Flavonoids 101

Flavonoids- Cannabis Education at Home Grown Apothecary

A beginner's guide to Flavonoids

We all are familiar with terpenes at this point, but have you had an opportunity to explore the world of flavonoids? Here we will give you a brief overview of what they are, what they do, and what that means to you!


In culinary history flavonoids have always played a large role. Found naturally in many fruits and vegetables (as well as other plant products like wine, tea, and chocolate), we interact with flavonoids on a daily basis. There are six different types of flavonoids found in food, and each kind is broken down by your body in a different way.

Our research regarding Flavonoids in food have found that they are rich in antioxidant activity and can help your body ward off everyday toxins. Other research suggests that they can regulate cellular activity and fight off free radicals that cause oxidative stress on your body. In simpler terms, they help your body function more efficiently while protecting it against everyday toxins and stressors.


Flavonoids are chemical compounds that can be found in cannabis and other plants. Thousands of flavonoids are found throughout nature, but only a few appear to be unique to cannabis and are referred to as cannflavins. About 20 varieties of flavonoids have been identified in cannabis and are believed to make up approximately 10% of the plant’s total composition.

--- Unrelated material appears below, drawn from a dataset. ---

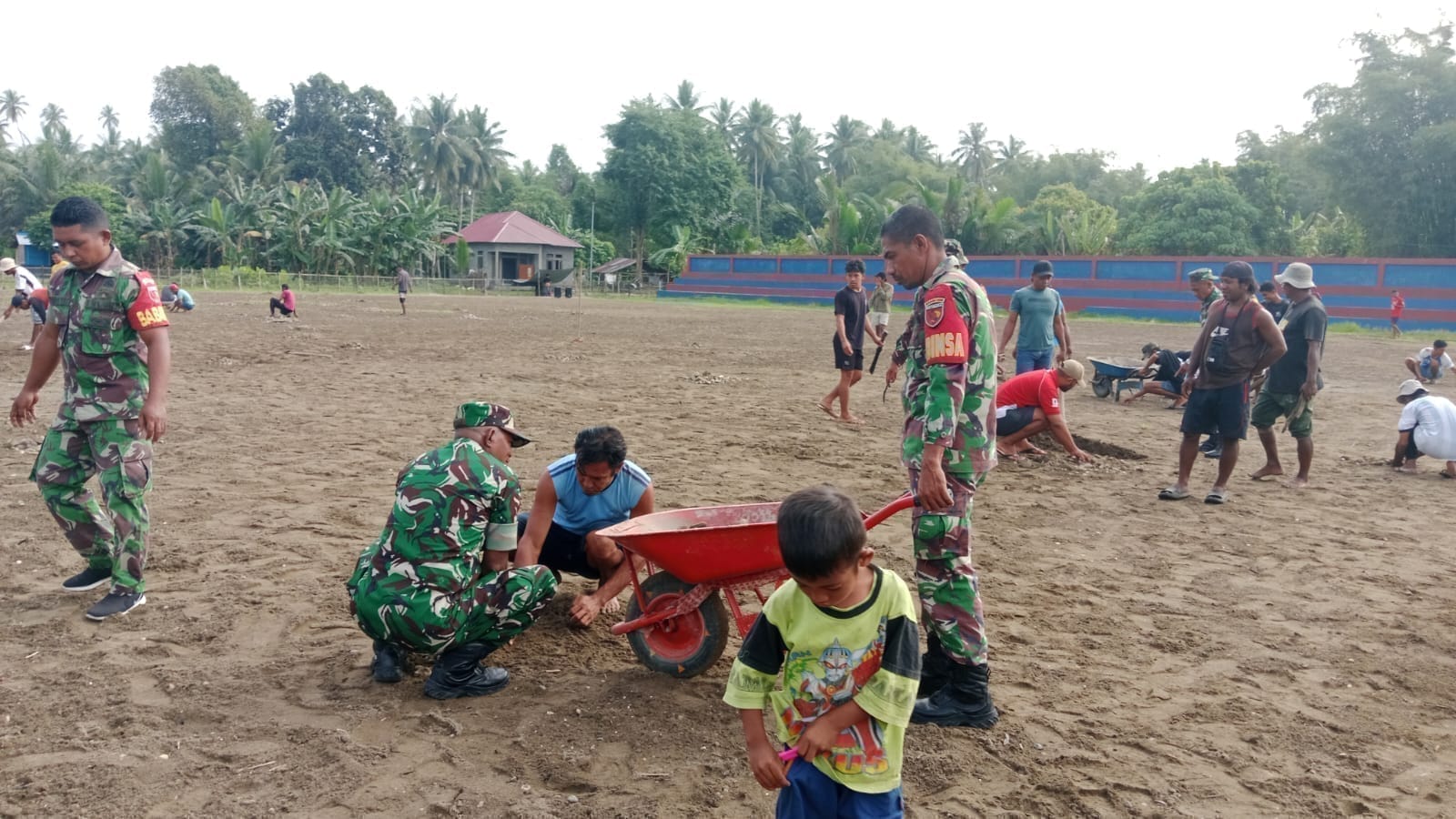 Gotong Royong TNI dan Rakyat, Lapangan Sepak Bola Toseho Disulap Jadi Lebih Hidup Gotong Royong TNI dan Rakyat, Lapangan Sepak Bola Toseho Disulap Jadi Lebih Hidup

These compounds are best known for creating the color you see in the flower—these colors are used to attract pollinators and potentially protect plants from UV rays, pests, and disease. Example: Purple hues expressed by some cannabis strains are primarily caused by a flavonoid called anthocyanin.

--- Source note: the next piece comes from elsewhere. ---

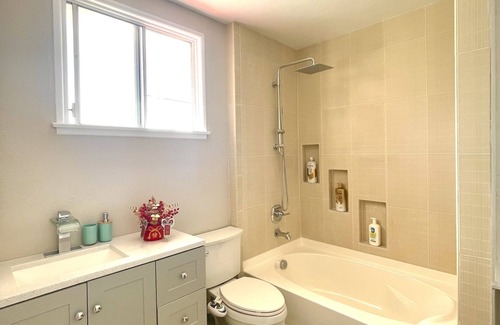 Hermosa Village Apartment | 5 minutes from Disneyland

Cannabis & Terpene Education at Home Grown Apothecary. Photo by Space Face Media
Cannabis & Terpene Education at Home Grown Apothecary. Photo by Space Face Media
Cannabis & Terpene Education at Home Grown Apothecary. Photo by Space Face Media


Flavonoids may also influence the smell and effect of the flower, although more research in this area is needed. One research study showed promise using Cannflavin A as an anti-inflammatory but we will not know more until research is complete. Given the way other cannabinoids and terpenes interact, Flavonoids most likely work synergistically with other cannabis compounds.

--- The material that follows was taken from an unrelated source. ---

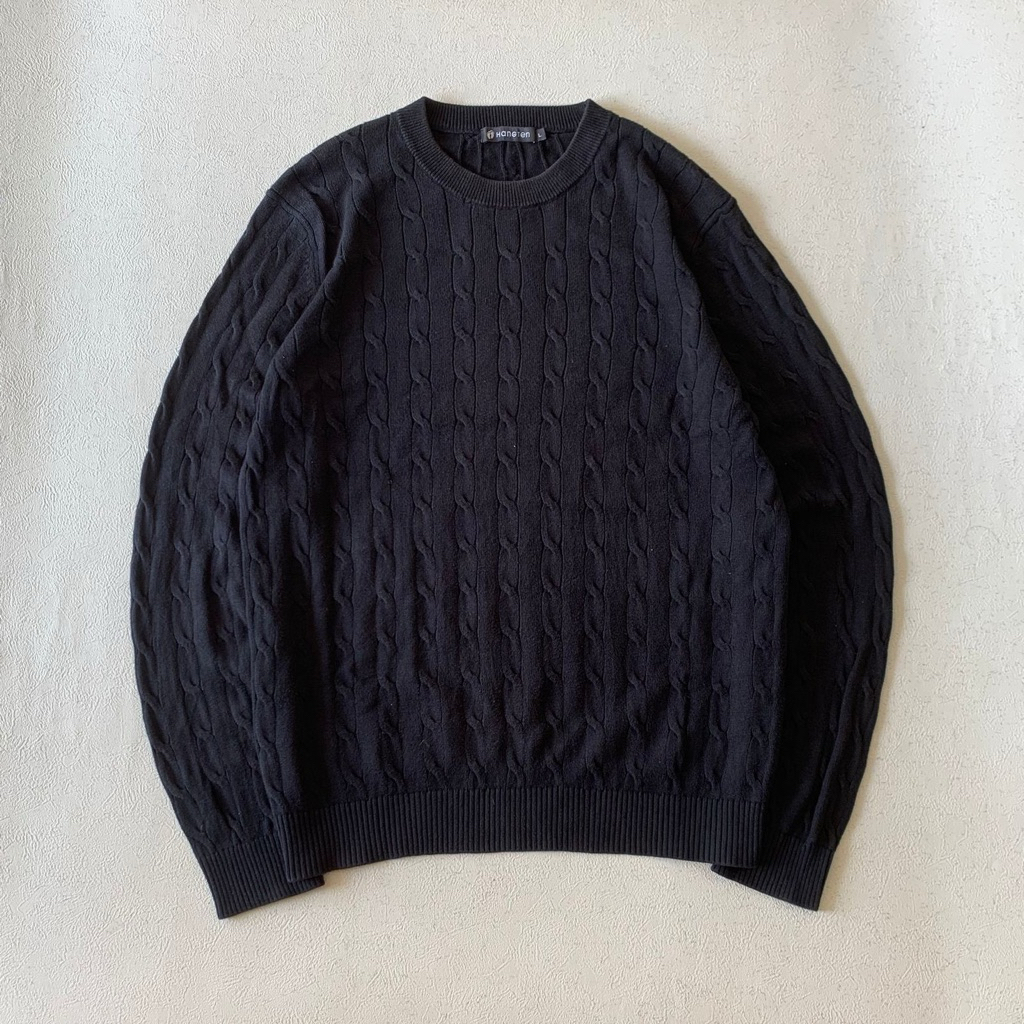 Vintage Hangten Cable Black Sweater Knitwear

Another heavily researched aspect to flavonoids in food is its work with inflammation; one of your body’s immune responses. Allergens, germs, toxins, and other irritants can trigger inflammation that results in uncomfortable symptoms. Flavonoids may help your body dismiss that inflammatory reaction so that those symptoms are reduced.

How flavonoids work in cannabis and in conjunction with other cannabinoids and terpenes has not been studied in depth enough yet to know the full extent of their capabilities. It is important to remember that the effects of cannabis are the result of complex developments of cannabinoids, flavonoids, and terpenes that take place in the plant’s glandular trichomes. Consult a physician before consulting new strains if underlying conditions exist.